Trident will be decommissioned in about 20 years' time
He told a committee of senior MPs there would be the "fullest possible" debate. The decision would be taken in a "more open way" than had happened previously.
The government is expected to outline plans to replace the Trident missile system, which some MPs estimate will cost £20bn, before the next election.
"I'm not committing myself to a vote... not ruling it out either," he said.
'Not ruled out'
Mr Blair said Parliament tended to find a way to have a vote on big issues, and said a decision such as this was "not going to just pop out one day".
Asked about when a promised debate on replacing Trident might begin, Mr Blair told the Liaison committee he could be specific yet.
But he did say that by the end of the year "we should have a clear idea of the timeline" for it.

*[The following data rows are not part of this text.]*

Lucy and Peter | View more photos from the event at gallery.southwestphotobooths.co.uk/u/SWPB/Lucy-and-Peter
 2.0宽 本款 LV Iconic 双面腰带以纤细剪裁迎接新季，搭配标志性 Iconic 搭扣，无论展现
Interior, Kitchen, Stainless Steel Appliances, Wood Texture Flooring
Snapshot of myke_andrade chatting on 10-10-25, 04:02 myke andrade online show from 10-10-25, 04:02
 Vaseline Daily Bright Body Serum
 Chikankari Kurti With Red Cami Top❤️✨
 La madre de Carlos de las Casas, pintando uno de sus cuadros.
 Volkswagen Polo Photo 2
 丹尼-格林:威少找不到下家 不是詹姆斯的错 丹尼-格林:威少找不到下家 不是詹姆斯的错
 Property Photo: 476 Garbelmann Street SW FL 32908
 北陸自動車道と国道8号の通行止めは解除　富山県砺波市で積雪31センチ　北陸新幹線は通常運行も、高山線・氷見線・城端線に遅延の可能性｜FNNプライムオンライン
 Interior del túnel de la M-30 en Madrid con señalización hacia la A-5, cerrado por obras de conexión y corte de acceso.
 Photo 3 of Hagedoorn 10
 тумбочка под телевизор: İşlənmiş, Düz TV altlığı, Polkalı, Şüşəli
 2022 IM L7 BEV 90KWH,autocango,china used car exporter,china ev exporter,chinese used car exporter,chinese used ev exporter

Defence Secretary John Reid said last year that no decision on replacing Trident had been taken.
But he said Labour was committed to keeping Britain's nuclear deterrent.
Trident is expected to be decommissioned in about 20 years' time. The nuclear deterrent system was last updated in 1980.
Last year, a group of writers, led by Nobel Prize winner Harold Pinter, wrote an open letter to MPs saying there was "no legitimate political, military or moral reason" for replacing Trident.